The process crashes at what appears to be the end of the epoch with the following final (verbose) logging:

Node 0 (hostname = zerozero):

zerozero:20258:20535 [0] NCCL INFO AllReduce: 4104 Bytes -> Algo RING proto LL channel{Lo..Hi}={0..0}
[rank0]:[E227 23:41:58.367404475 ProcessGroupNCCL.cpp:688] [Rank 0] Watchdog caught collective operation timeout: WorkNCCL(SeqNum=2407, OpType=ALLREDUCE, NumelIn=14749440, NumelOut=14749440, Timeout(ms)=1800000) ran for 1800067 milliseconds before timing out.
[rank0]:[E227 23:41:58.379476073 ProcessGroupNCCL.cpp:2277] [PG ID 0 PG GUID 0(default_pg) Rank 0]  failure detected by watchdog at work sequence id: 2407 PG status: last enqueued work: 2498, last completed work: 2406
[rank0]:[E227 23:41:58.380165062 ProcessGroupNCCL.cpp:735] Stack trace of the failed collective not found, potentially because FlightRecorder is disabled. You can enable it by setting TORCH_NCCL_TRACE_BUFFER_SIZE to a non-zero value.
[rank0]:[E227 23:41:58.380194023 ProcessGroupNCCL.cpp:2610] [PG ID 0 PG GUID 0(default_pg) Rank 0] First PG on this rank to signal dumping.

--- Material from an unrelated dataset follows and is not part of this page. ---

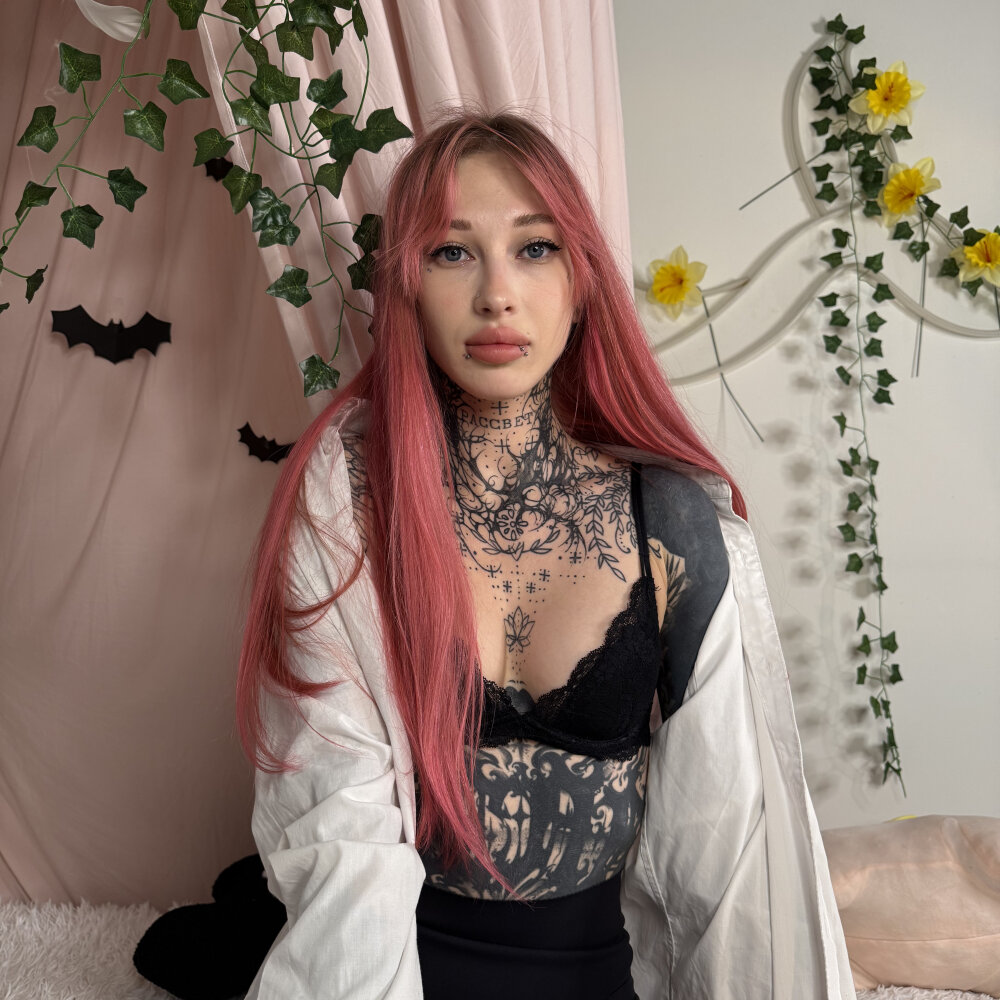 Beautiful Lily_Rei camgirl in vrcamshot.com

[rank0]:[E227 23:41:59.353027560 ProcessGroupNCCL.cpp:1890] [PG ID 0 PG GUID 0(default_pg) Rank 0] Received a dump signal due to a collective timeout from this local rank and we will try our best to dump the debug info. Last enqueued NCCL work: 2498, last completed NCCL work: 2406.This is most likely caused by incorrect usages of collectives, e.g., wrong sizes used across ranks, the order of collectives is not same for all ranks or the scheduled collective, for some reason, didn't run. Additionally, this can be caused by GIL deadlock or other reasons such as network errors or bugs in the communications library (e.g. NCCL), etc. 

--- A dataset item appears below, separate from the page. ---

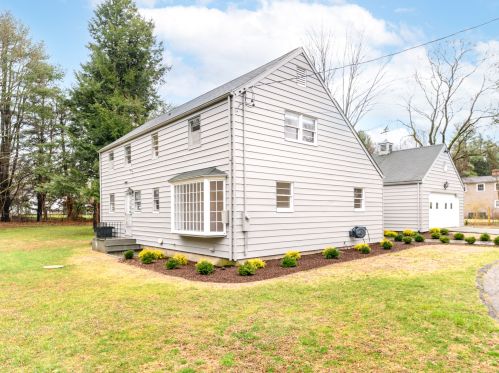 10 Easton Rd, Westport CT  06880-2209 exterior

[rank0]:[E227 23:41:59.353231985 ProcessGroupNCCL.cpp:1606] [PG ID 0 PG GUID 0(default_pg) Rank 0] ProcessGroupNCCL preparing to dump debug info. Include stack trace: 1, only active collectives: 0
[rank0]:[E227 23:42:58.380395627 ProcessGroupNCCL.cpp:749] [Rank 0] Some NCCL operations have failed or timed out. Due to the asynchronous nature of CUDA kernels, subsequent GPU operations might run on corrupted/incomplete data.
[rank0]:[E227 23:42:58.380420092 ProcessGroupNCCL.cpp:763] [Rank 0] To avoid data inconsistency, we are taking the entire process down.
[rank0]:[E227 23:42:58.390475801 ProcessGroupNCCL.cpp:2093] [PG ID 0 PG GUID 0(default_pg) Rank 0] Process group watchdog thread terminated with exception: [Rank 0] Watchdog caught collective operation timeout: WorkNCCL(SeqNum=2407, OpType=ALLREDUCE, NumelIn=14749440, NumelOut=14749440, Timeout(ms)=1800000) ran for 1800067 milliseconds before timing out.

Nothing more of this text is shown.